Let me tell you something, your son-in-law left at some point or is going to leave, if you are currently going through that situation. Either because he ends the relationship with your daughter or marries her, but you will not have to see him as much. A well-deserved rest for everyone. Surely it was not so pleasant for him to see all of you every day or maybe it was, but there everyone had their interests and handled the situation in the best way possible.


The big difference is that teleworking is never going to go away and it has also come to make your intimate spaces and moments uncomfortable in various aspects. Teleworking confronts us with our family reality and the ability to adapt and self-regulate, just like that boyfriend. In addition, for those for whom going out to work was therapeutic, that therapy is over.


Now, the house must welcome this intruder who came to stay. Each inhabitant of the house is getting their respective dose of this new boyfriend. This new boyfriend brought everyone back home, there may be more than one intruder in your home. Will it be me? Yes, suddenly it's you, or your partner, or your son or daughter; in addition to teleworking.

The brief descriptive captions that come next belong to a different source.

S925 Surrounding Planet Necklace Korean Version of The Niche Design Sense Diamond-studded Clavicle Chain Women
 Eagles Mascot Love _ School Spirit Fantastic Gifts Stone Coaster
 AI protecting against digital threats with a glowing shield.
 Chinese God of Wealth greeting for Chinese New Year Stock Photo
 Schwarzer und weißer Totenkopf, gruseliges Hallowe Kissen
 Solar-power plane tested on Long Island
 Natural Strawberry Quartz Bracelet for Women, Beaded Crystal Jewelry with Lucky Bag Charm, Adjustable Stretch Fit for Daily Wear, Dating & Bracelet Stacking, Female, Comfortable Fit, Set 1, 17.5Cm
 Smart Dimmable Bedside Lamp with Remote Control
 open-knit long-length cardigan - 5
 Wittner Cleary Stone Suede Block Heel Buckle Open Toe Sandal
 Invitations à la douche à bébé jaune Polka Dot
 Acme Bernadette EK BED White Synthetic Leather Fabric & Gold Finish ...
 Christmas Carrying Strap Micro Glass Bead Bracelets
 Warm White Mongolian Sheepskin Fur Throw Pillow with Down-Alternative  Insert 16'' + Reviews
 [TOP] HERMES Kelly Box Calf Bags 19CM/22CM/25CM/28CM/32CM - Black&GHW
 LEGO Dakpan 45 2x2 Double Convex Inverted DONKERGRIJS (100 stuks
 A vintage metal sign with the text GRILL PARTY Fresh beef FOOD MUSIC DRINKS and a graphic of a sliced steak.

We are all being tested and everything has a solution. There may be radical or incremental solutions. Returning home has increased the statistics for depression, insomnia, abuse, anxiety, divorce and pregnancy. There is everything. In the US alone, the consumption of antidepressants increased by 600% last year. Teleworking is directly related because of those additional hours we spend at home every day, 6 to 8 hours are dedicated to work or study.


It is a fact that times have changed, in 2020 more than ever. That means that we, all of us, must also make a great change or adaptation. The being, the knowledge and the doing of each one of us must adapt. And to be effective in teleworking, the infrastructure, spaces, equipment, accessories, temperature, noise, independence and interaction must also be adapted, to mention a few.


We know that it is a challenge for everyone. Claudia and I have received several requests to help company staff better manage this situation. The topics of particular interest are attitude, time management, technological tools such as software that facilitates it or everything in general.


Teleworking is not going to go away like that boyfriend from one season. He is here to stay. Some say that companies that do not invest at least 10% in technology will be left behind, it could be a good comparison. How much are you investing in yourself to make this adjustment? At least of your time, how much are you investing? Be intentional and take advantage of many talks and videos, many of them free, all available on the internet. We produced some of them in our Neuroshots program on IVOOX (only in Spanish). It is better to ride the tide than swim against it!